- Exercise
All that is wanted is the exact text of the lines below from the one with "Tripod harness plant holder" through the one with "Firestone - Mercer", inclusive, minus any pictures.

- Data section
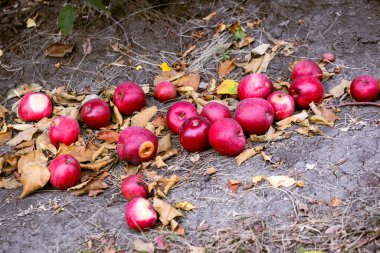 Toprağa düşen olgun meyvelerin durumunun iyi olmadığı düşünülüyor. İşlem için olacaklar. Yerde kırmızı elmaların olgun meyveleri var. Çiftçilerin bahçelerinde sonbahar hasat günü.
---
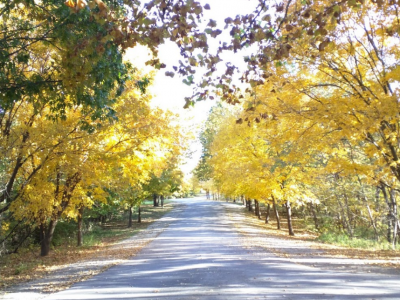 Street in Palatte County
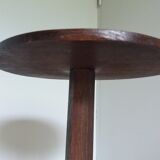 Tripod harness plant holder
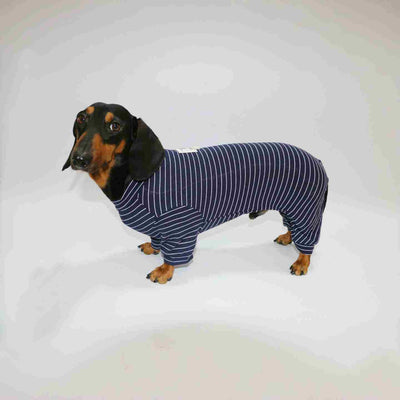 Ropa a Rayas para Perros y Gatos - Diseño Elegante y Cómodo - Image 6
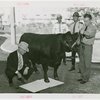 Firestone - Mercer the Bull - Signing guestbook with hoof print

- Result of the exercise
 Tripod harness plant holder
 Ropa a Rayas para Perros y Gatos - Diseño Elegante y Cómodo - Image 6
 Firestone - Mercer the Bull - Signing guestbook with hoof print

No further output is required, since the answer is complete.